In Copenhagen, I regularly use the large libraries in the city for my reading periods. Sitting in a common reading room focuses me wonderfully, my student discipline takes over and I write or read while I am there. The space is too public and too uncomfortable, but still just sufficiently safe and familiar that I stay alert, on track, but relaxed at the same time. The soft thread of careful feet trying not to disturb is endearing in it's civilised and polite concern for the work of others, and the scent of stacks of books carries the memory of more than 30 years of study and work. This is, as much as any place in the world, home.
And so it is with a familiar delight that I settle into the library at the University of Bologna. This is one of the oldest universities in the world, and it has the libraries to prove it. My main library is at the media and music department, where the tables for reading and working are scattered among the stacks. Saturday I was introduced to another library I am definitely going to be using - although I have to book a time to get the full use of it - the Renzo Renzi library and their wonderful videogame archive. Others have pointed to fantastic libraries - some so stunning that they have closed them to tourists, and I will have to prove my need in order to access them, such as the Archiginnasio library. As a visiting scholar I can probably get in there, but as a digital media scholar it may be a somewhat better use of my energy and connections to book time at the videogame archive.

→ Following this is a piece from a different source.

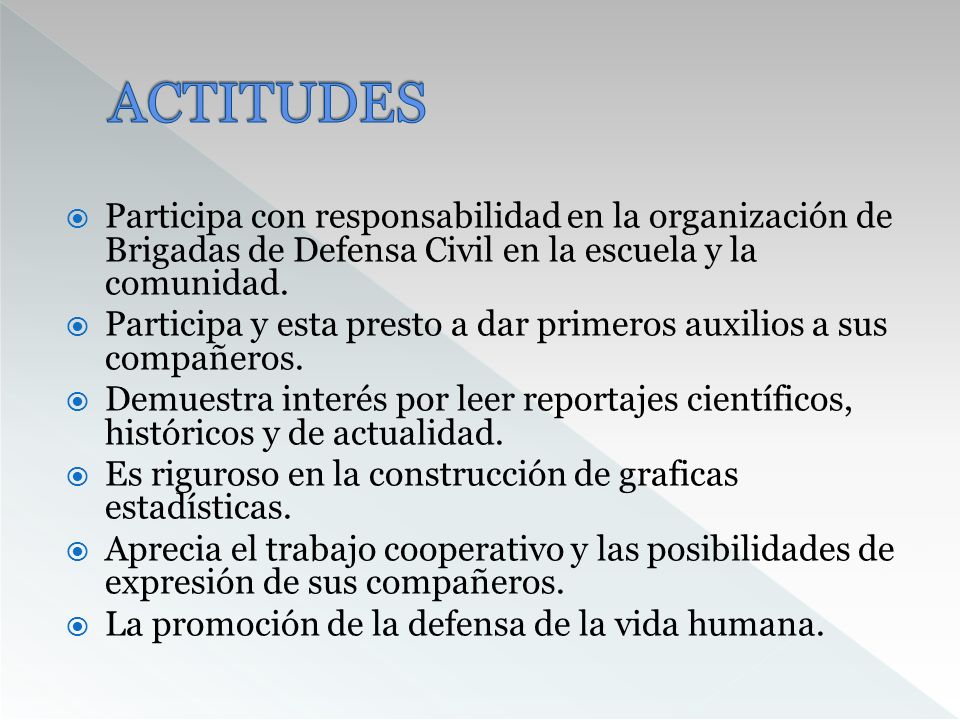 ACTITUDES Participa con responsabilidad en la organización de Brigadas de Defensa Civil en la escuela y la comunidad.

What all these libraries have in common is a wonderful opportunity for access. They are, to me, the ultimate symbol of freedom and equality. They offer to all who are willing to respect the work and curiosity of others, the opportunity to learn, be entertained, discover, study, and enjoy, a vast body of literature, art, creativity and research, that covers centuries, and in some cases, millennia.
And this is the message of today. I am one month and 17 days, one article and one book chapter into my sabattical. It's spring in the world outside of these dusty rooms, and I walk to and from my beloved libraries under the beautiful porticos, sheltered by ancient, civilised laws protecting common rights and public spaces. If anybody ever make me choose between the bicycle lanes of Copenhagen or the porticos of Bologna, I am going to have to struggle with which to vote for, but right now it is colonnades all the way - literally.